ASA reverses ruling against Iron Man advert

Four Lego Super Heroes minifigures on gray baseplate

by Melanie Ellis, Senior Associate

by Melanie Ellis, Senior Associate

In a surprising, but welcome, move the Advertising Standards Authority has reversed its ruling from August 2016 against an Iron Man themed advert for Ladbrokes casino. In the August 2016 ruling, the ASA noted that considering the character’s “comic book nature, and the availability of various related toys…it was likely to have particular appeal to children and young people”. At that time, the ASA concluded that, notwithstanding that the advert was only sent by email to customers known to be over 18, if the content of it had particular appeal to children or young persons then a breach of the CAP Code 16.3.12 occurred.

Understandably, this ruling (on the back of similar decisions in the past such as those against Mirror casino’s use of the character Optimus Prime in 2012 and 888’s use of Spiderman in 2008) caused concern amongst gambling operators and game developers alike. A large number of slot games use imagery which could be said to appeal to under 18s from well known comic book characters to cute animals and sweets. Whilst the Iron Man ruling was against an advert sent to customers by email, the ASA’s remit does extend to content on an operator’s own website, leaving the design of games themselves subject to criticism.

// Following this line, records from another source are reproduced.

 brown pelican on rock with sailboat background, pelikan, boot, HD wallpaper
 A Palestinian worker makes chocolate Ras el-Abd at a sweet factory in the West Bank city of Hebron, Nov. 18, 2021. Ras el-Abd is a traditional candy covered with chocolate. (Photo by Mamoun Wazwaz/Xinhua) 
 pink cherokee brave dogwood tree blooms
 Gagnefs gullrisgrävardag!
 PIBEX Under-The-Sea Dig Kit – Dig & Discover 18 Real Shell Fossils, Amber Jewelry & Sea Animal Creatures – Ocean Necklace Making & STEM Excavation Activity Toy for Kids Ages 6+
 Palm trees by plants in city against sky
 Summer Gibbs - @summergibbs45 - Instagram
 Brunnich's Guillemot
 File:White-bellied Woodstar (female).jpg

It is therefore very positive news that the Iron Man decision has been reversed. The ASA now accepts that, given that the email was sent only to registered customers and those who had been validated as being over 18, it was extremely unlikely that anybody under 18 would have seen the advert. This brings the Ladbrokes decision in line with the ASA’s 2012 decision not to uphold a complaint against Profitable Play for an advert which included furry cartoon characters, on the basis that the ad only appeared on the operator’s Facebook page which was age gated so that it could on be accessed by adults.

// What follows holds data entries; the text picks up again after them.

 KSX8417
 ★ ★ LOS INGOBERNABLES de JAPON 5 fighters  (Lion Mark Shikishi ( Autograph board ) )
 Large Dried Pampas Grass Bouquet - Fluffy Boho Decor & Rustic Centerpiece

A question mark does remain over adverts appearing in media which could potentially be viewed by under 18s. For example, the banned Spiderman advert appeared on a banner ad on a website which, although the average age of viewers was 41, could have been accessed by under 18s. Similarly, the banned Optimus Prime advert appeared in the financial section of a newspaper which was unlikely to be read by children, but there was nothing to prevent them from doing so.

So, whilst this is a welcome decision by the ASA, it only gives certainty in respect of adverts which can only be viewed by adults. The take away is that adverts featuring cartoon characters that may be of appeal to children or young persons are allowed, but the advertiser must take steps to ensure that they cannot be viewed by anyone aged under 18.